In order to ensure that your monthly cash flow is acceptable, it may frequently necessitate a higher down payment, resulting in a mortgage with a lower amount. In an ideal world, you would pay off the mortgage so that there is no doubt that you will receive substantial monthly cash flow. This ought to be an essential part of one’s retirement strategy. If you do this a few times, you won’t have to worry about money in the future, which is the main goal and the reward for buying investment property in the first place.

Depreciation is the meaning of the “D” in IDEAL. You can save money on taxes by using the depreciation of investment real estate. What exactly is depreciation? It is a non-cost accounting strategy for taking into account the total financial burden of investing in real estate. Another way to look at it is that when you buy a brand-new car, its value decreases as soon as you drive it off the lot. The IRS lets you deduct this amount each year from your taxes on your investment real estate property. Kindly note: This is not intended to be tax advice or a lesson in tax policy because I am not a tax professional.

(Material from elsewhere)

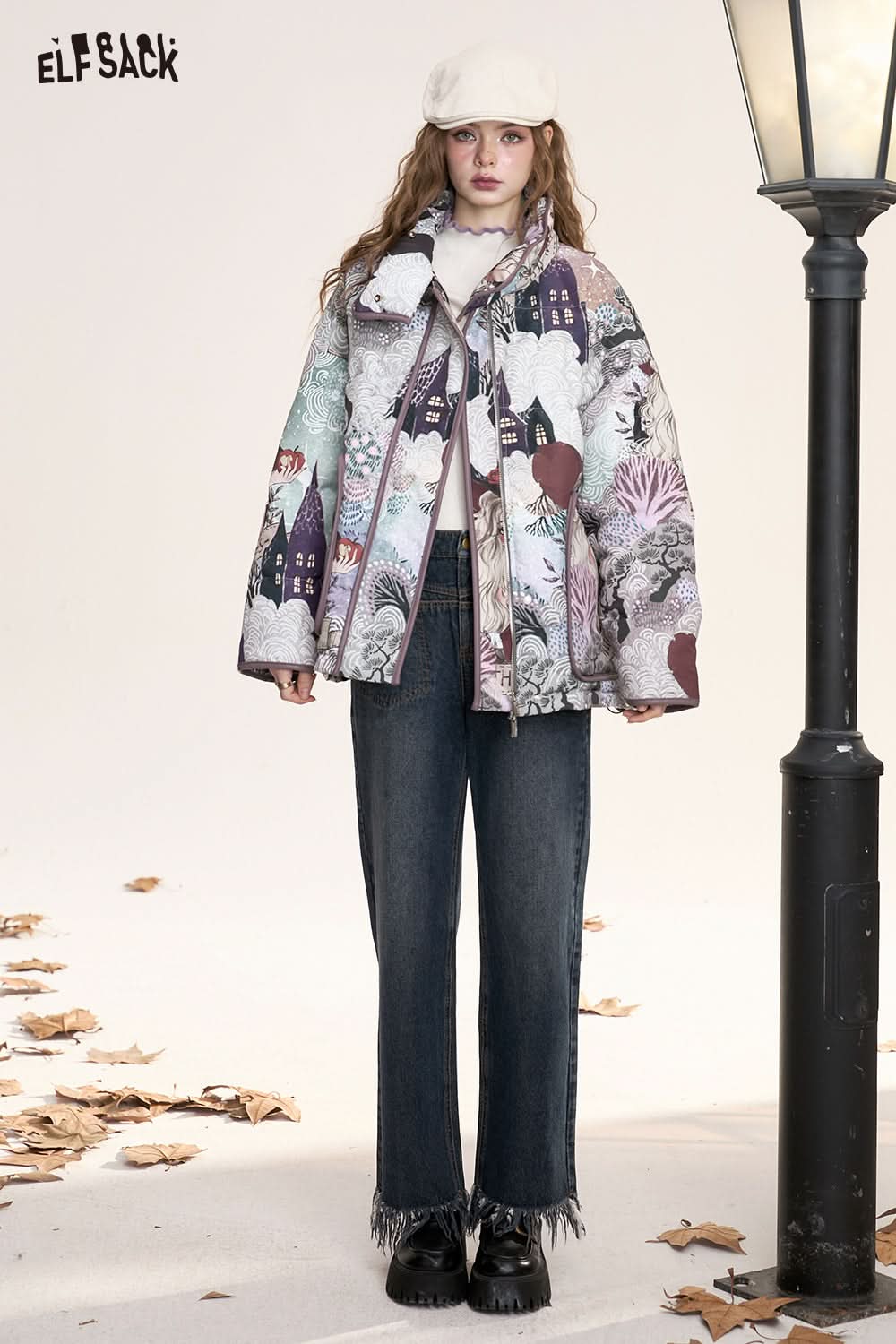 ELFSACK Retro witch cartoon full print stand collar short down jacket women windproof warm coat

Having said that, the length of time (recovery period depends on the type of property—residential or commercial) and the overall value of the structure of the property determine the depreciation of a real estate investment property. If you’ve ever received a property tax bill, the assessed value of your property is typically broken down into two categories: one for the land’s value and the other for the building’s value. Your total “basis” for property taxation is the sum of these two values. When it comes to depreciation, you can only deduct the structure’s original base value from your taxes; Due to the fact that land is typically only appreciated, the IRS prohibits depreciation. The structure on the property, like your brand-new car as it drives off the lot, is getting less and less valuable every year as its effective age increases. Additionally, this can help you save money on taxes.

The best illustration of the benefit of this idea is that you can actually turn a property that generates positive cash flow into one that shows a loss (on paper) when dealing with taxes and the IRS by using depreciation. Additionally, you can deduct that paper loss from your income for tax purposes. As a result, it is a significant advantage for those who are specifically seeking a “tax-shelter” for their real estate investments.